- _Instructions to follow_
Reproduce each line of the following material exactly, omitting the images.

- _Recorded data_

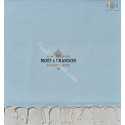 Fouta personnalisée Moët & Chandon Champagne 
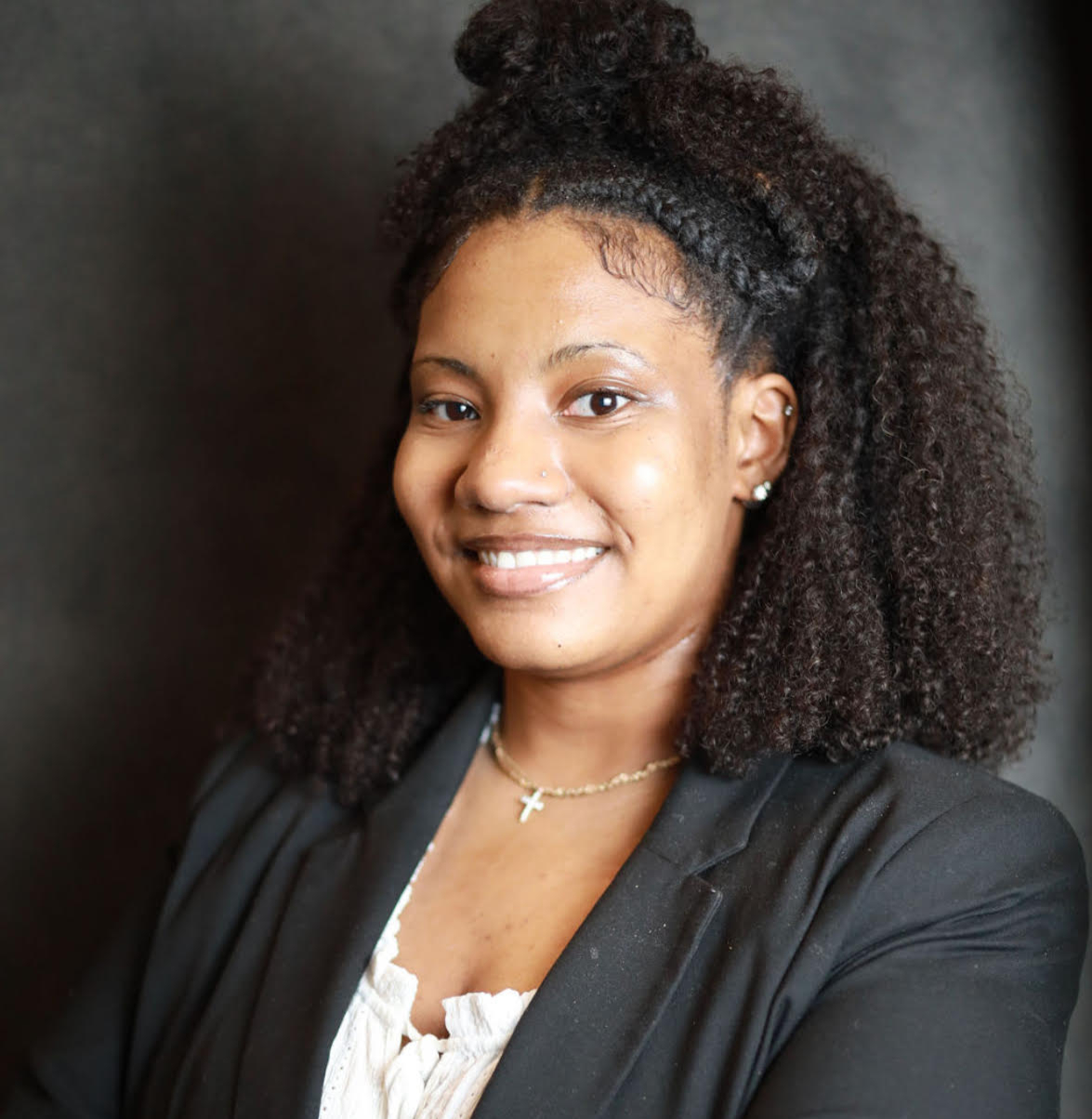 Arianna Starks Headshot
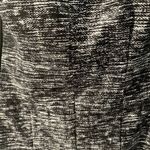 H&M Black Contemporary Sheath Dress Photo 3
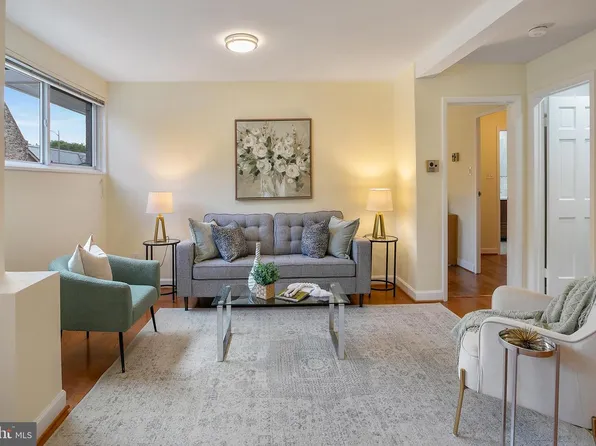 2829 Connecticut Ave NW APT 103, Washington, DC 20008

- _Response box_
 Fouta personnalisée Moët & Chandon Champagne 
 Arianna Starks Headshot
 H&M Black Contemporary Sheath Dress Photo 3
 2829 Connecticut Ave NW APT 103, Washington, DC 20008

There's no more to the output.